[Opening RECORD EXCERPTS section]

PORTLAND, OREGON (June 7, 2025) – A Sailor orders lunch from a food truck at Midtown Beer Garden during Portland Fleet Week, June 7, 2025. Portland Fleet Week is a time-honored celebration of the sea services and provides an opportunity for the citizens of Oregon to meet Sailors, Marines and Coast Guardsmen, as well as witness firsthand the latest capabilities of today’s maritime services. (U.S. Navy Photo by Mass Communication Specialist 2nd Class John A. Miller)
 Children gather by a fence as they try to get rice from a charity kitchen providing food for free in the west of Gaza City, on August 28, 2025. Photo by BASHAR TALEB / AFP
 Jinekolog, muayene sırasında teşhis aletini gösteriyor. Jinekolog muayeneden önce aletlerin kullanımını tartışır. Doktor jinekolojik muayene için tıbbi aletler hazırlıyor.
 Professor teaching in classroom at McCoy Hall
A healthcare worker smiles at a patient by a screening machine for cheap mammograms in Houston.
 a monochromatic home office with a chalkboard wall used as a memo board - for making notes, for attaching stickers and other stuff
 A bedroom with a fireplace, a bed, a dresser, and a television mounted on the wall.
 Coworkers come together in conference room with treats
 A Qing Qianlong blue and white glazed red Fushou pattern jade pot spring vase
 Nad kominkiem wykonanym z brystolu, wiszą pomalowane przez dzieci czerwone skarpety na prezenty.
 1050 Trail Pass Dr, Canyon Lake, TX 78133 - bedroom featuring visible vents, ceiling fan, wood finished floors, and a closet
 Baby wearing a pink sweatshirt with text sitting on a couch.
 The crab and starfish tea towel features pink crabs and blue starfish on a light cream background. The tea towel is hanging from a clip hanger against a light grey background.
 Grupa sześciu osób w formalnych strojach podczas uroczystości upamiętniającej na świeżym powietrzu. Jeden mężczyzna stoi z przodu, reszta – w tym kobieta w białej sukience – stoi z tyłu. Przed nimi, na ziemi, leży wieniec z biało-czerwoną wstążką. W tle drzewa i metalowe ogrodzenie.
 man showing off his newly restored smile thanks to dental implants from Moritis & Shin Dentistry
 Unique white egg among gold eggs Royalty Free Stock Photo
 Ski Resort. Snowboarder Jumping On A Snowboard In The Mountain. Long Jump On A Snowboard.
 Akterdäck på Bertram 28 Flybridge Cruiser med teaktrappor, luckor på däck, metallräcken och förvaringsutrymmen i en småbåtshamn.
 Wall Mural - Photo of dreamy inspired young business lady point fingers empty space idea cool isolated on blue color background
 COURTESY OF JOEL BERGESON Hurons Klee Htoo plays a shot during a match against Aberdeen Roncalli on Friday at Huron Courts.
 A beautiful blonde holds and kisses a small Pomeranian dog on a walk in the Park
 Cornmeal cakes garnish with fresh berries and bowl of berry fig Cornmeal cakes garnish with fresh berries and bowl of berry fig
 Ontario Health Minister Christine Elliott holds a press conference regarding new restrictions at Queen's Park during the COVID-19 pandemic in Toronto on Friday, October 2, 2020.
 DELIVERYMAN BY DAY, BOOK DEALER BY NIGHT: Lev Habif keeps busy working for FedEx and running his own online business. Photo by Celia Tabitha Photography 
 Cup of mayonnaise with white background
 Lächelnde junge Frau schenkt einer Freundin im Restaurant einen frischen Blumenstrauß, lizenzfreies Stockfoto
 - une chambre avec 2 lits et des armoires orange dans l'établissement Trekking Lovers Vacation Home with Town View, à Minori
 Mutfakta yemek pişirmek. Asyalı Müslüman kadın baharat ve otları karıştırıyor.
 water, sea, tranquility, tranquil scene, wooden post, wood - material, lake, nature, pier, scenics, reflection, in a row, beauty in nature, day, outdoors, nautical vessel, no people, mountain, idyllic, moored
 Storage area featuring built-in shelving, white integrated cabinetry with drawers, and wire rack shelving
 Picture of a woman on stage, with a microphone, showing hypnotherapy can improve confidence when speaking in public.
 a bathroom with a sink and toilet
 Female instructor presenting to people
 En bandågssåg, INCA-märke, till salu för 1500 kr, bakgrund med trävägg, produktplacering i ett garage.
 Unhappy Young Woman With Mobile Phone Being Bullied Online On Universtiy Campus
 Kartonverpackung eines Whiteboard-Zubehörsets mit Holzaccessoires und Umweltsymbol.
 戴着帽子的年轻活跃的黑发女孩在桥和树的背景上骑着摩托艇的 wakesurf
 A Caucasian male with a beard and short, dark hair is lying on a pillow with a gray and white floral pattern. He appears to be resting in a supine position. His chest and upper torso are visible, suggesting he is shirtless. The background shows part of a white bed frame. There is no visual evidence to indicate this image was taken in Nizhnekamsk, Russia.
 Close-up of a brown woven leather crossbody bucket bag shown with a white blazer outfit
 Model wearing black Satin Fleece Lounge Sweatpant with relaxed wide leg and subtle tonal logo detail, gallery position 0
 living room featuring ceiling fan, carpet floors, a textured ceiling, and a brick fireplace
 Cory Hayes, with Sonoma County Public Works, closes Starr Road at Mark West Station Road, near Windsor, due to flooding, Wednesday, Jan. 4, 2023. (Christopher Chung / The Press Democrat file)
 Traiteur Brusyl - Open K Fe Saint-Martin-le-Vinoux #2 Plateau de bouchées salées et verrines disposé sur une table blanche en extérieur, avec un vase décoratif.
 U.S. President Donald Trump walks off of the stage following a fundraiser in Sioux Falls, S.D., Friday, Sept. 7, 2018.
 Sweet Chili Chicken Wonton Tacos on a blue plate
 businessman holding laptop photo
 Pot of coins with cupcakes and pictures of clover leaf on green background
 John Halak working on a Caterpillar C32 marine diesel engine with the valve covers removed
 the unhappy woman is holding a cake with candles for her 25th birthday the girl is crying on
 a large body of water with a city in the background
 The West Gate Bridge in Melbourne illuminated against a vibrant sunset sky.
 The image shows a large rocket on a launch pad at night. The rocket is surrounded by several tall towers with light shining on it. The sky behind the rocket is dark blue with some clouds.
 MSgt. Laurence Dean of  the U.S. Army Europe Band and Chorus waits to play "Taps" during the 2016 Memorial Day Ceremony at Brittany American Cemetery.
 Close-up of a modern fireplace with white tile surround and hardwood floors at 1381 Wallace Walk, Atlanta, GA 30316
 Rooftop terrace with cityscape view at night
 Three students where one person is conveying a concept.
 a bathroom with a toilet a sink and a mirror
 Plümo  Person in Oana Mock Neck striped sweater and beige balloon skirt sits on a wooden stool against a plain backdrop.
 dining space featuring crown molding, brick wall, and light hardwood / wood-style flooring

[Closing RECORD EXCERPTS section]

### EXERCISE GOAL
Which lines in the listing above hold the word "working"? Show each of them.

### TASK ANSWER
 DELIVERYMAN BY DAY, BOOK DEALER BY NIGHT: Lev Habif keeps busy working for FedEx and running his own online business. Photo by Celia Tabitha Photography 
 John Halak working on a Caterpillar C32 marine diesel engine with the valve covers removed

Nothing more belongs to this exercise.